> _WORK TASK_: Below are the records; extract from them the line containing "十大买球平台：2025年武汉国际汽车制造及零部件、新能源汽车技术博览会(图1)" to the line containing "2024年六年级班主任年终工作总结简单版（四篇）", both lines included, exactly and with no pictures.

┄┄┄┄┄┄

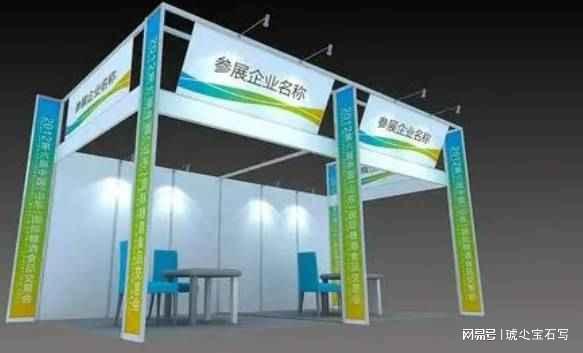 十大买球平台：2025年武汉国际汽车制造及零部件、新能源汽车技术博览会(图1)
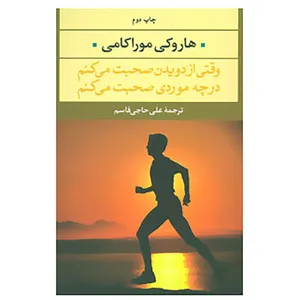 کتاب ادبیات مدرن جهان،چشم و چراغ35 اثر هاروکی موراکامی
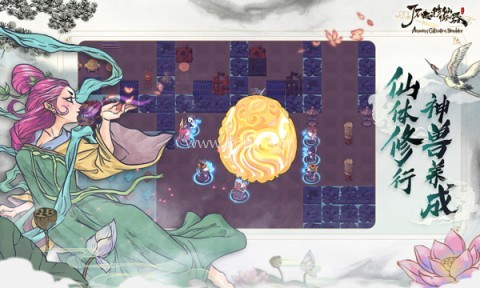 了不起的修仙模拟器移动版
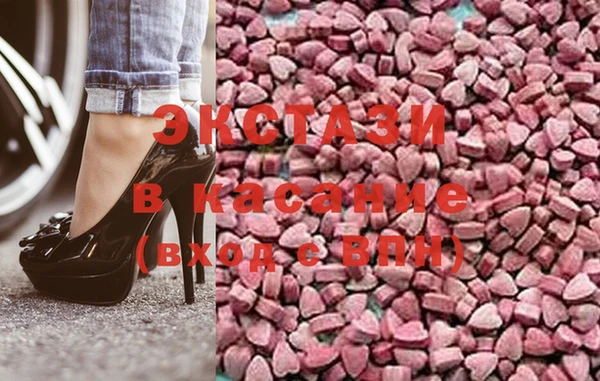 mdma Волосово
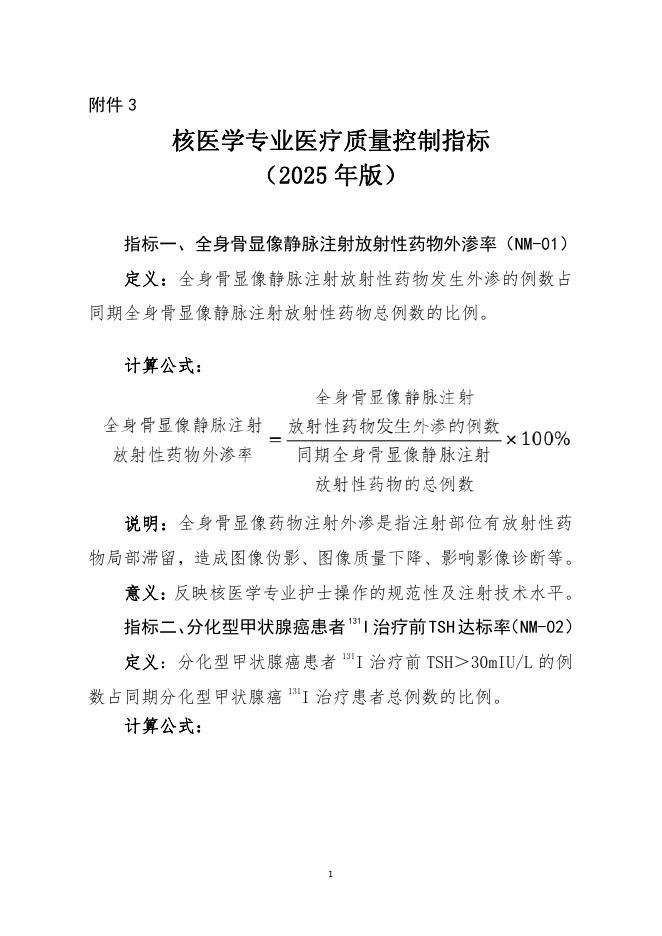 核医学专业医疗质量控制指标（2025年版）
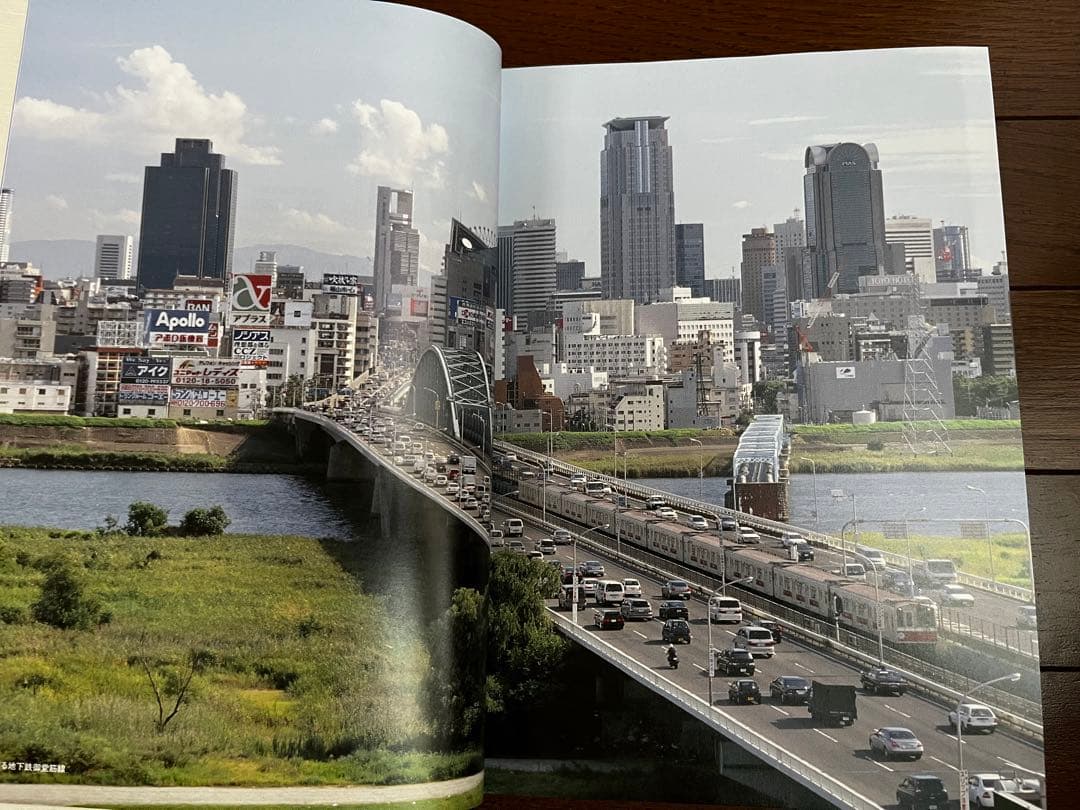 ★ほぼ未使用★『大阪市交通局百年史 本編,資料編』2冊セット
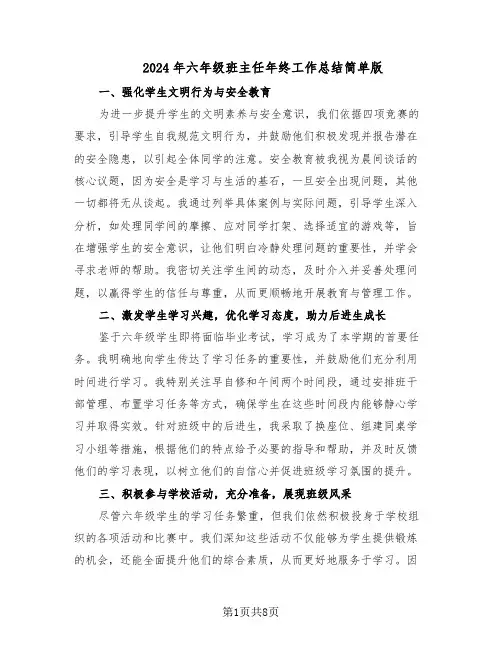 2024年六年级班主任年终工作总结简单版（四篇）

┄┄┄┄┄┄

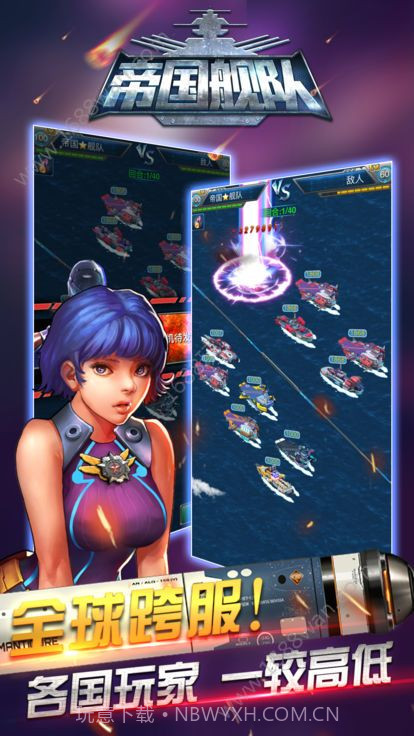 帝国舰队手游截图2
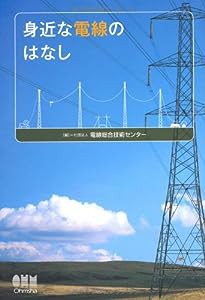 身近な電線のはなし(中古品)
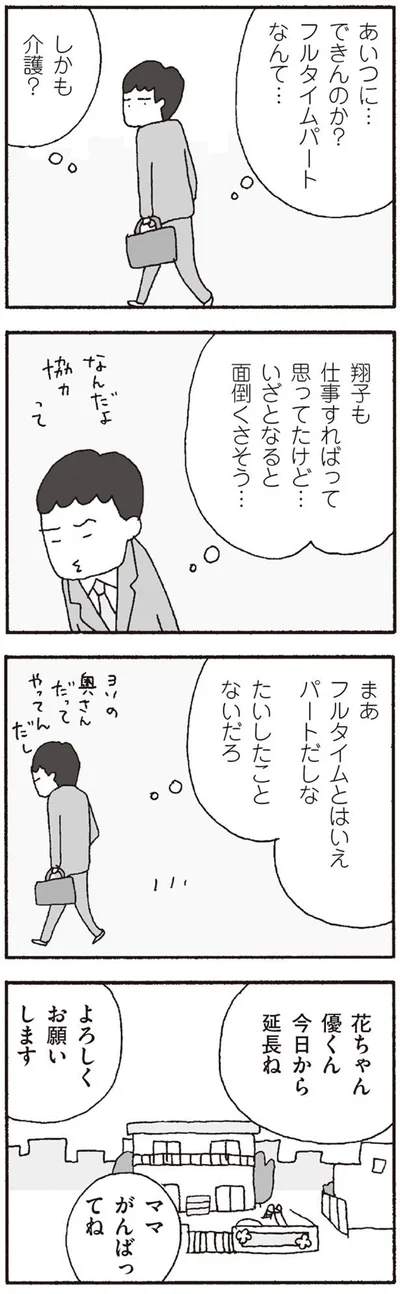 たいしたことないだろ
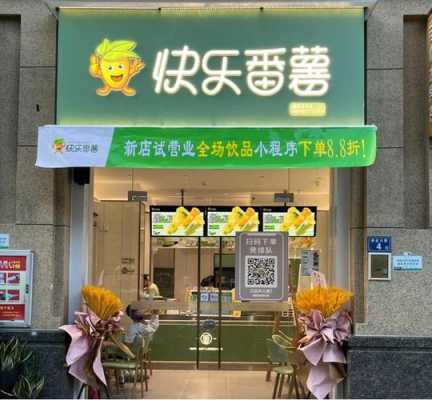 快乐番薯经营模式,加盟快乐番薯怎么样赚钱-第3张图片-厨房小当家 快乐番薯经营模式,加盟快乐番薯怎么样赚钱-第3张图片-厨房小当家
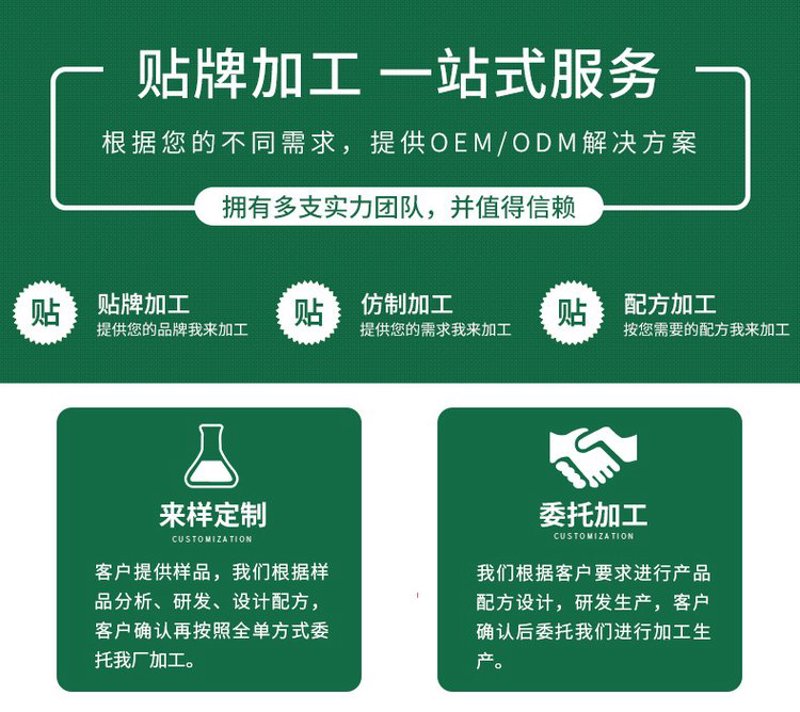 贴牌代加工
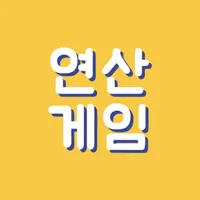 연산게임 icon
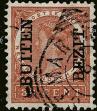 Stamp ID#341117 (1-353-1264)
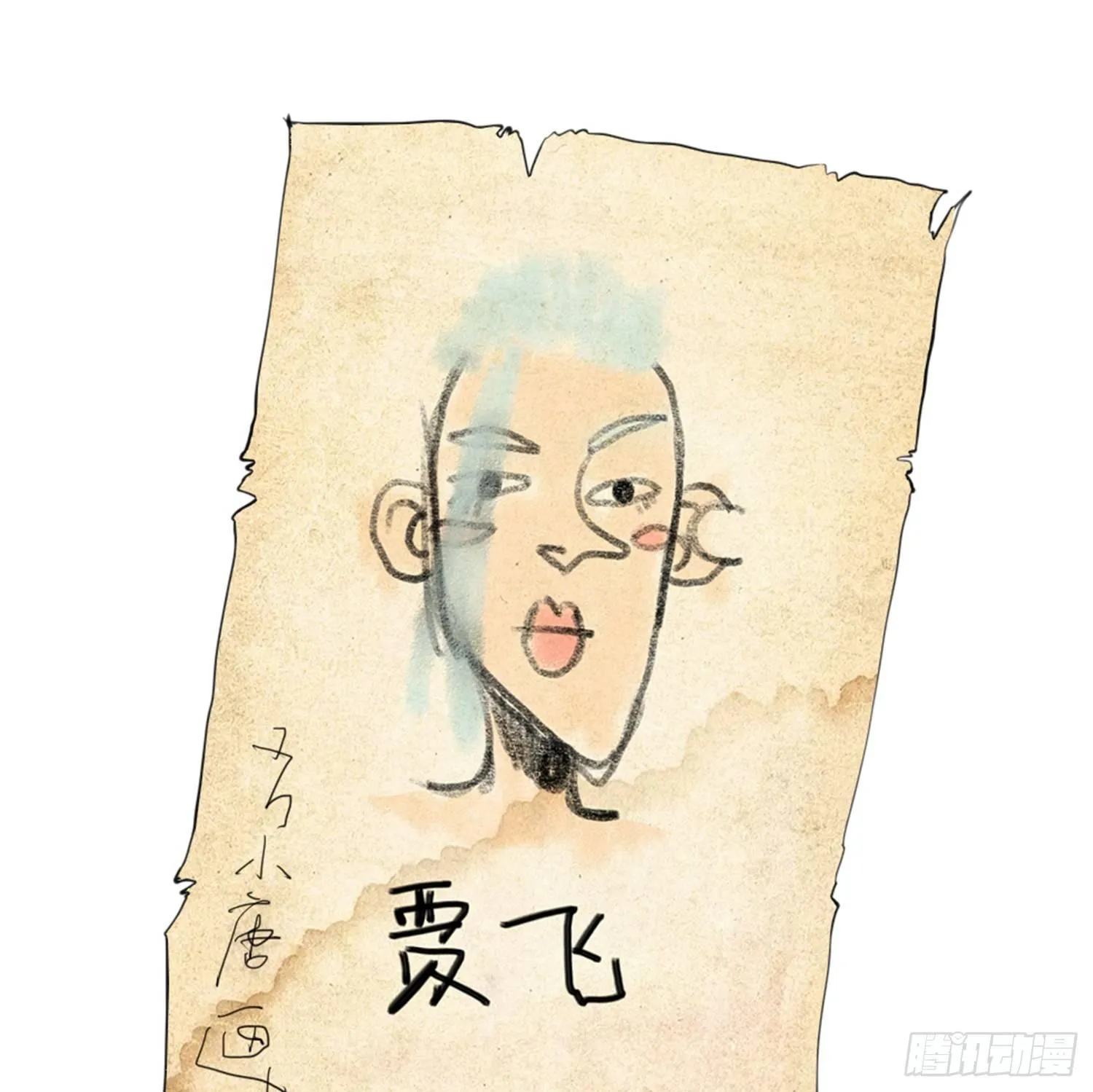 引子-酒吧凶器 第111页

┄┄┄┄┄┄

> _EXERCISE RESULT_:
 十大买球平台：2025年武汉国际汽车制造及零部件、新能源汽车技术博览会(图1)
 کتاب ادبیات مدرن جهان،چشم و چراغ35 اثر هاروکی موراکامی
 了不起的修仙模拟器移动版
 mdma Волосово
 核医学专业医疗质量控制指标（2025年版）
 ★ほぼ未使用★『大阪市交通局百年史 本編,資料編』2冊セット
 2024年六年级班主任年终工作总结简单版（四篇）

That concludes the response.